Another fix would be to revamp U.S. bankruptcy laws so that they can be applied more specifically—and punitively—to airlines. It’s hard to think of another industry in which almost every major player has gone through Chapter 11 reorganization. Some have been through it twice: US Airways filed in 2002, came out of the process in 2003, and filed again in 2004. Yet all of these carriers are back on the streets—or in the skies—and continuing to leak money. United Airlines spent more than three years in bankruptcy, finally emerging in 2006. (The restructuring dragged on for so long that the federal government actually did tweak the bankruptcy code to prevent the process from taking longer than 18 months.) No one today would call that a success: United negotiated new labor contracts, terminated its pension plans, and based its profit outlook through 2010 on an oil price of $45 to $50 a barrel. It’s projected to lose about $1.2 billion this year.
Because of the huge implications for employees, the government can’t legally force any of these companies to be liquidated. But we’d all be a little happier at the airport if it did so once in a while. Right now, Chapter 11 is the financial equivalent of a get-out-of-jail-free card for airlines that allows struggling companies to wipe away their debts—and immediately start to build new ones. “There used to be a stigma about bankruptcy; now it’s a strategy,” says Southwest’s Kelly. “There are essentially no barriers to entry and a lot of barriers to exit. You end up with a lot of inefficient capacity out there.” Instead of letting an airline simply restructure its debts, creditors should be able to offer an alternative plan, making liquidation a realistic option.

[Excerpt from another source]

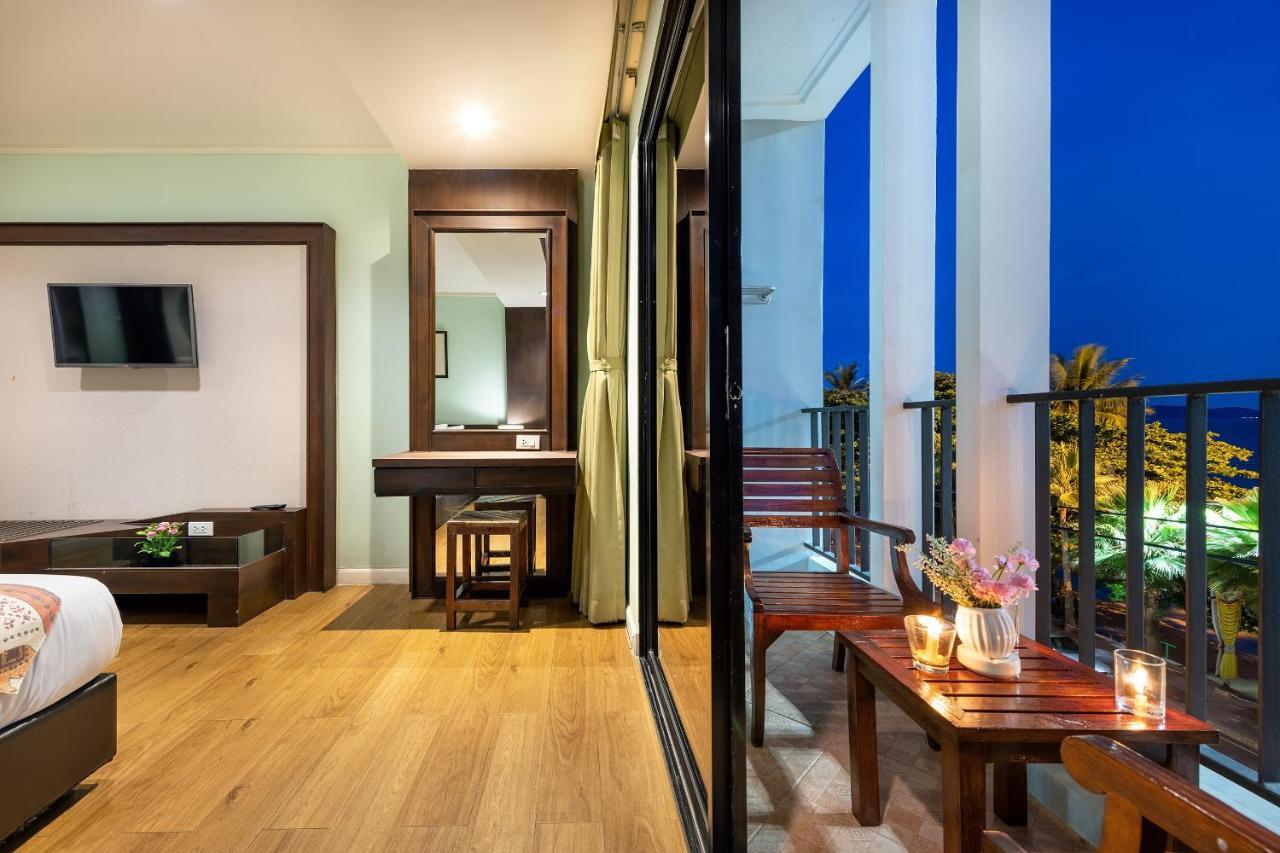 The Twelve 3* Jomtien Beach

Finally, the fix with the most widespread support in the industry has less to do with regulation and more to do with engineering—revamping the country’s air traffic control technology. No other proposal has such broad support or makes so much sense. “The far better public-policy discussion is not should you regulate or reregulate but about a modern air traffic control system,” says Northwest Airlines C.E.O. Doug Steenland.

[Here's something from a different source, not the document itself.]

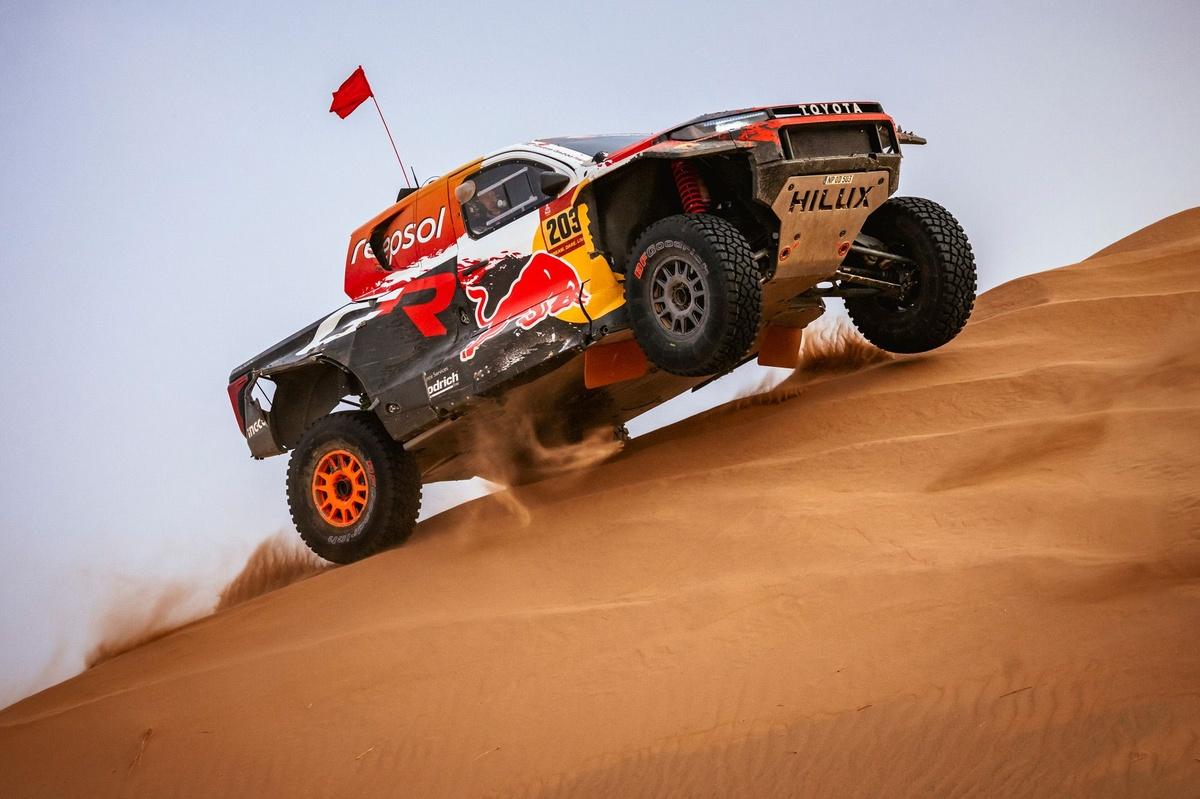 Rally de Marruecos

Operated by the F.A.A., the current system is almost comically outdated. “It’s the equivalent of using a typewriter,” says the A.T.A.’s Castelveter. Even wristwatches now have G.P.S. satellite technology, yet planes still navigate with ground-based radar that was installed back in the 1950s. A much publicized glitch in the flight-plan system in August led to hours-long delays for hundreds of planes and would have been worse if it had happened at a peak travel time. The system requires thousands of F.A.A. employees manning air traffic centers—flights get passed from person to person along their route, from takeoff to landing—and it’s less precise than satellite technology. That imprecision requires greater distance between planes, which eats up precious time and airspace, further exacerbating the traffic problems caused by all the unnecessary planes flying around right now.